■ Assigned task: Look below for the line with "ABSOLUTE CULT HARRY". Retype it and every line after it to the end, exactly, but leave out the pictures.

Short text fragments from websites
^^^^

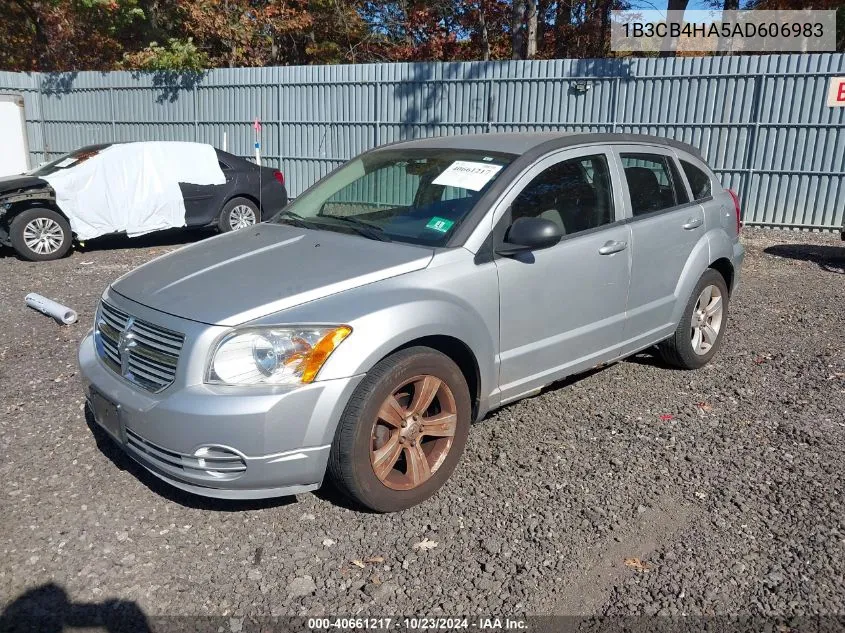 2010 Dodge Caliber Sxt VIN: 1B3CB4HA5AD606983 Lot: 40661217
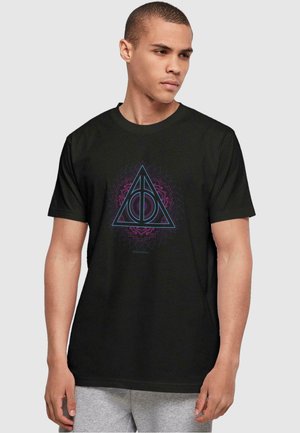 ABSOLUTE CULT HARRY POTTER - DEATHLY HALLOWS ROUND NECK - T-Shirt print - black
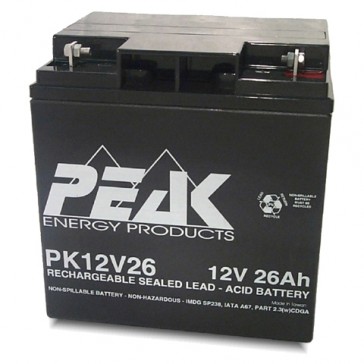 Peak Energy PK12V26B1 12V 26Ah Battery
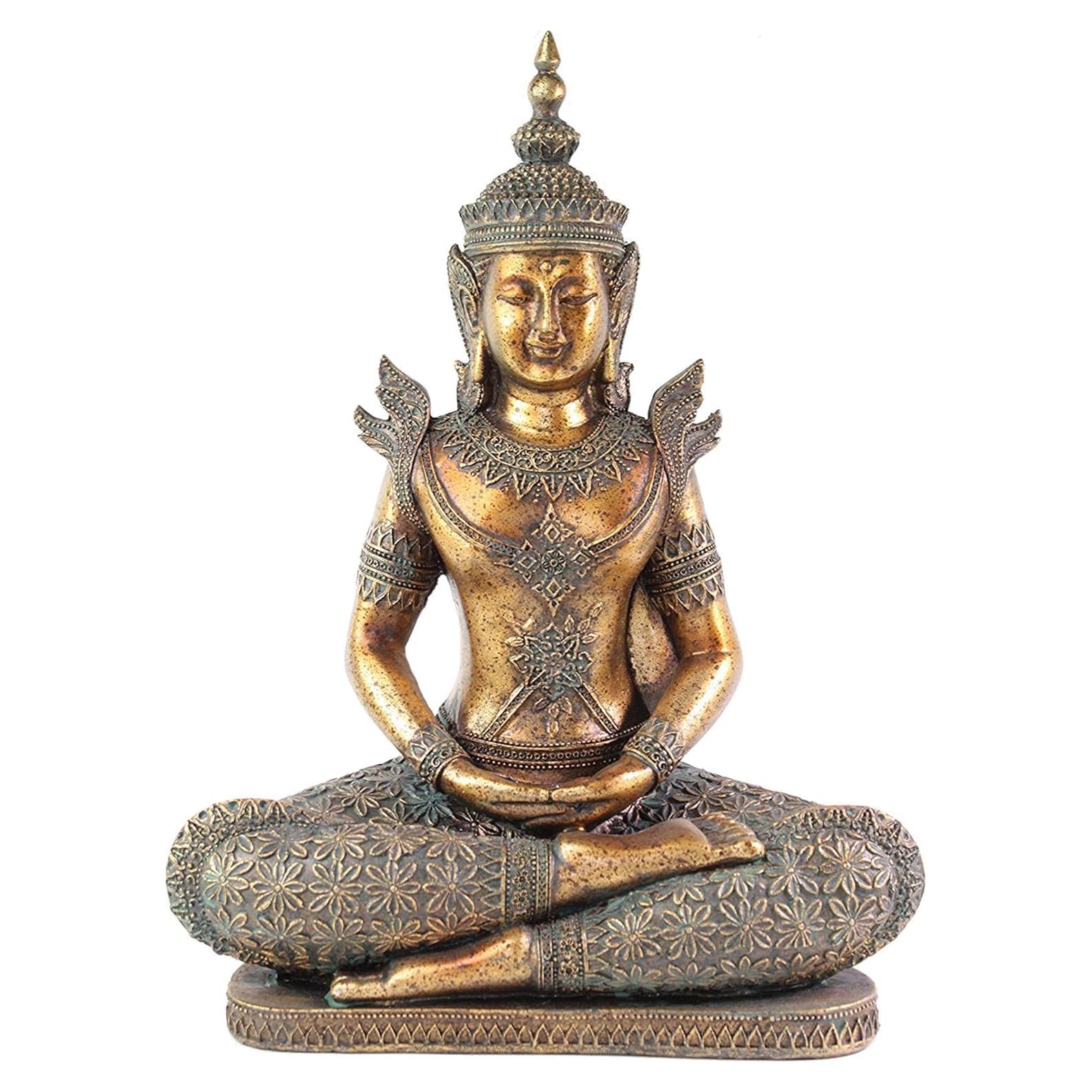Estatua Buda Dhyana Mudra 30.48 cm usamjtable Bronce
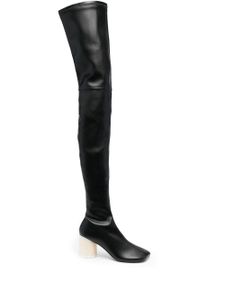 MM6 Maison Margiela cuissardes Anatomic 70 mm - Noir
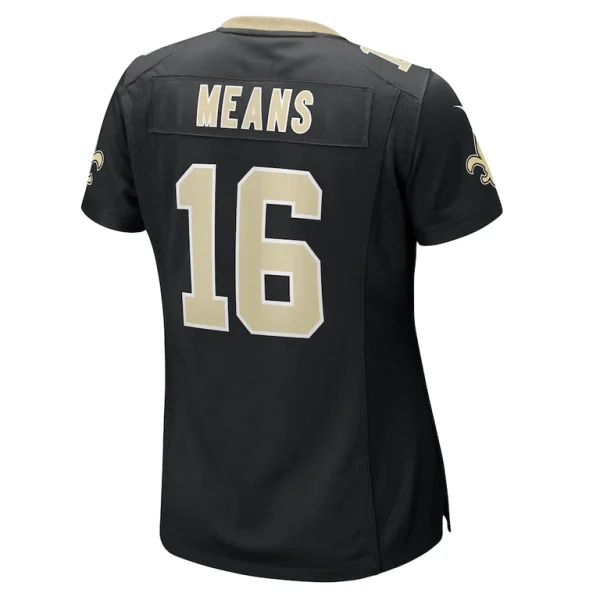 Bub means new orleans saints nike womens game jersey Black L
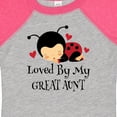 thumbnail image 4 of Inktastic Loved by My Great Aunt Boys or Girls Baby Bodysuit, 4 of 5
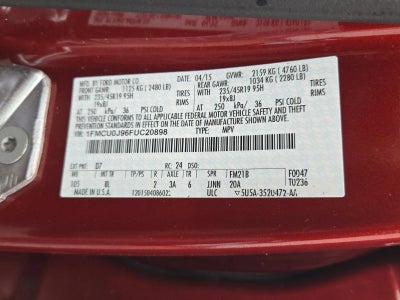 2015 Ford Escape FWD 4dr Titanium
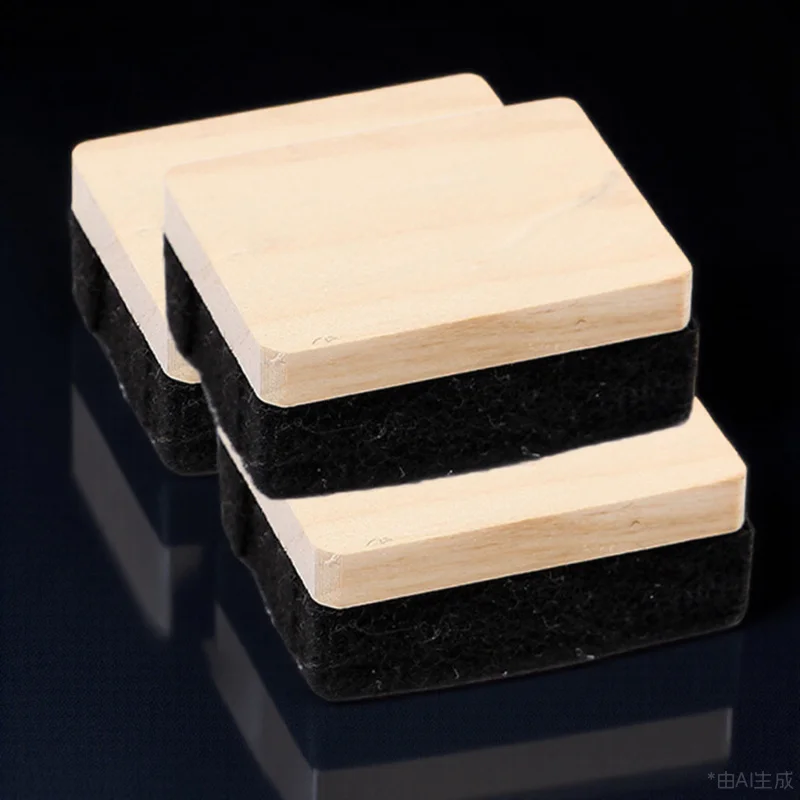 

3Pcs Wooden Blackboard Eraser Lightweight Chalkboard Cleaner Easy Dust Removal for Office Classroom Training Institutions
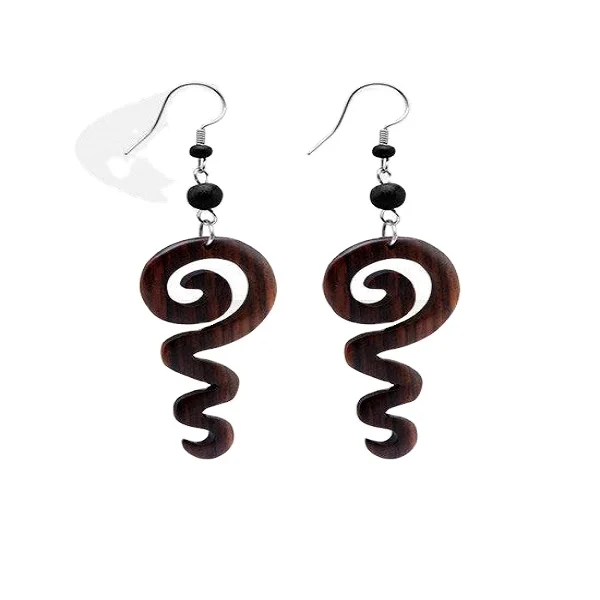 Wholesale Handmade Wooden Earrings Fashion For Women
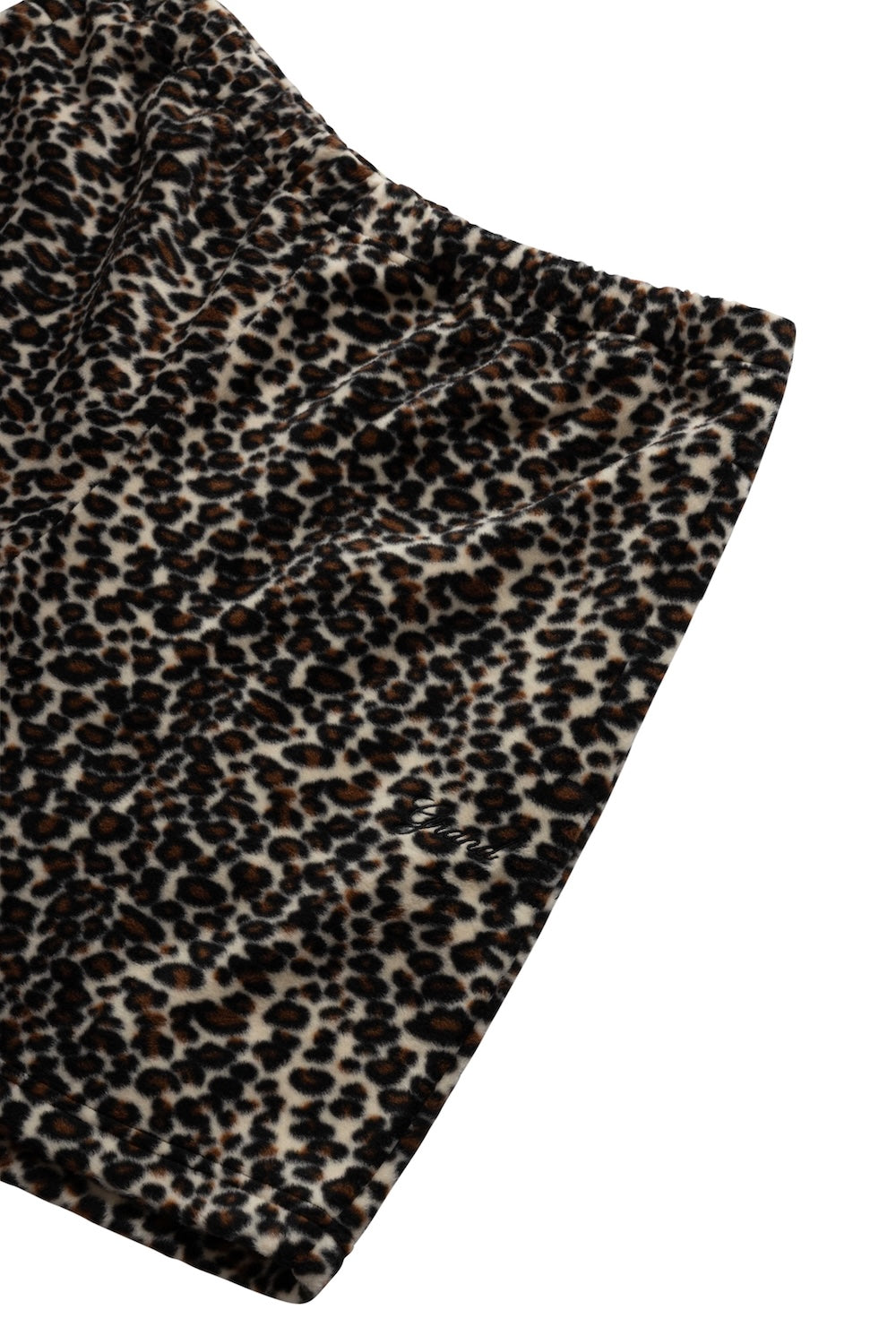 GRAND COLLECTION - Fleece Leopard Short "Leopard"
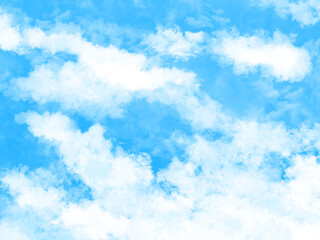 絵本の様なさわやかで可愛いフワフワの空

^^^^

■ Your solution:
 ABSOLUTE CULT HARRY POTTER - DEATHLY HALLOWS ROUND NECK - T-Shirt print - black
 Peak Energy PK12V26B1 12V 26Ah Battery
Estatua Buda Dhyana Mudra 30.48 cm usamjtable Bronce
 MM6 Maison Margiela cuissardes Anatomic 70 mm - Noir
 Bub means new orleans saints nike womens game jersey Black L
 thumbnail image 4 of Inktastic Loved by My Great Aunt Boys or Girls Baby Bodysuit, 4 of 5
 2015 Ford Escape FWD 4dr Titanium

3Pcs Wooden Blackboard Eraser Lightweight Chalkboard Cleaner Easy Dust Removal for Office Classroom Training Institutions
 Wholesale Handmade Wooden Earrings Fashion For Women
 GRAND COLLECTION - Fleece Leopard Short "Leopard"
 絵本の様なさわやかで可愛いフワフワの空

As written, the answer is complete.